■ RECORDS PROVIDED ■
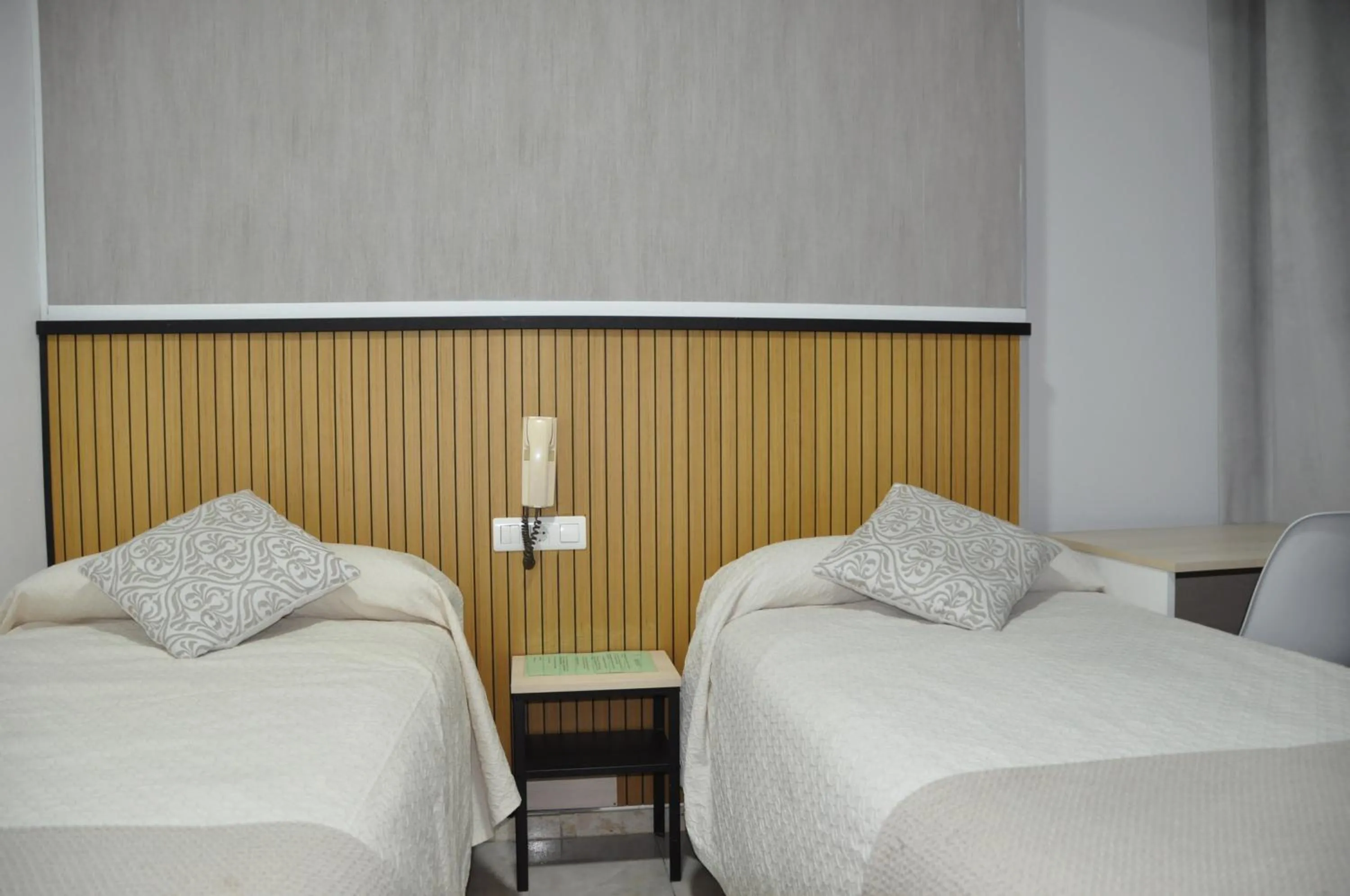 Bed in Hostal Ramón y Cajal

==

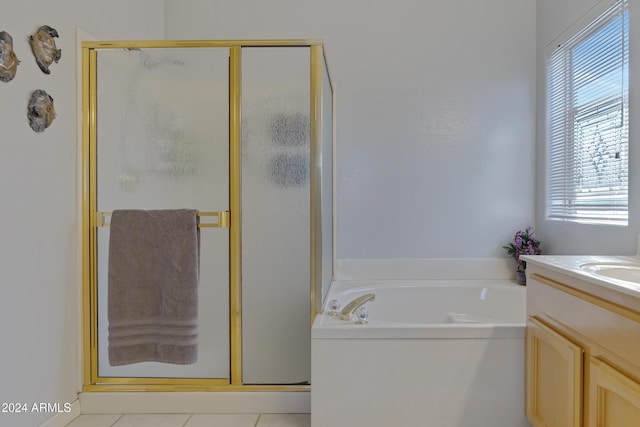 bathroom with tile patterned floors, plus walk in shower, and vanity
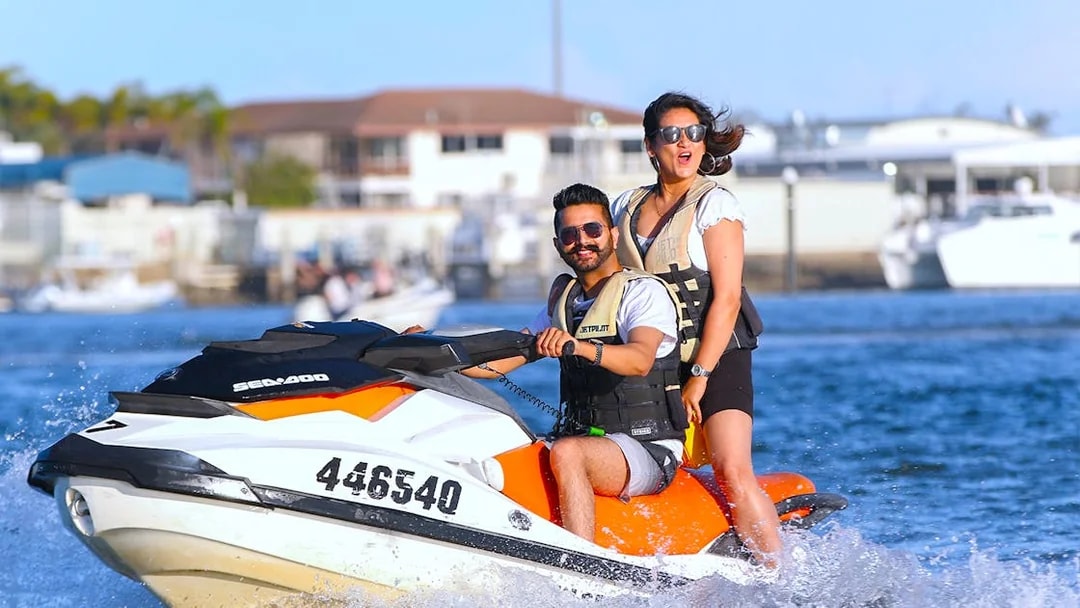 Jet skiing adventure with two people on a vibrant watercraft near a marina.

--

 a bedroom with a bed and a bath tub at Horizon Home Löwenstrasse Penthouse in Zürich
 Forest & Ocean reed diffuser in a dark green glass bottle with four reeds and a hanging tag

■ EXERCISE OBJECTIVE ■
Where the listing above has a line with "a bedroom with", start there, and output every line exactly through the line with "Forest & Ocean", which is also included.

■ TASK RESULT ■
 a bedroom with a bed and a bath tub at Horizon Home Löwenstrasse Penthouse in Zürich
 Forest & Ocean reed diffuser in a dark green glass bottle with four reeds and a hanging tag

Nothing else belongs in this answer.